Thomas wrote a landmark Supreme Court opinion upholding the doctrine in 2005, but began questioning it a decade later, before eventually renouncing his past opinion in 2020 and claiming that the doctrine itself might be unconstitutional. Now, Thomas could help overturn the doctrine in a new case the high court just agreed to hear next term.
Groups within the conservative legal movement funded by Leonard Leo’s dark money network and affiliated with Thomas’ billionaire benefactor Harlan Crow have organized a concerted effort in recent years to overturn Chevron. That campaign unfolded as they delivered gifts and cash to Thomas and his family in the lead-up to his shift on the doctrine.
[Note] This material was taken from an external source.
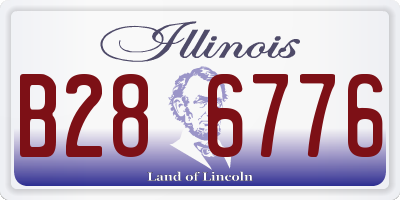 IL license plate B286776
In 2010, Crow bankrolled a dark money group led by Thomas’ wife, Ginni, that paid her $120,000. Leo was on the group’s board of directors. In 2012, Leo’s dark money network steered undisclosed consulting payments to Thomas’s wife. The Leo network has funded Republican politicians and several nonprofits pressing the Supreme Court to overturn the Chevron doctrine next term.
Crow, meanwhile, provided luxury travel to the Thomas family for two decades. The justice did not report those trips, and similarly failed to disclose that Crow bought his mother’s house and allowed her to keep living there rent free and paid his grandnephew’s boarding school tuition.
Spokespeople for Leo, Crow’s company, and the Supreme Court did not respond to The Lever’s requests for comment.
Thomas Reverses Himself
After revelations of the gifts and cash, Thomas’ most loyal defenders have sought to deflect criticism by depicting the justice as immune from influence, insisting that he “refuses to compromise his principles,” as Utah Sen. and former Supreme Court clerk Mike Lee (R) claimed in a tweet on Monday.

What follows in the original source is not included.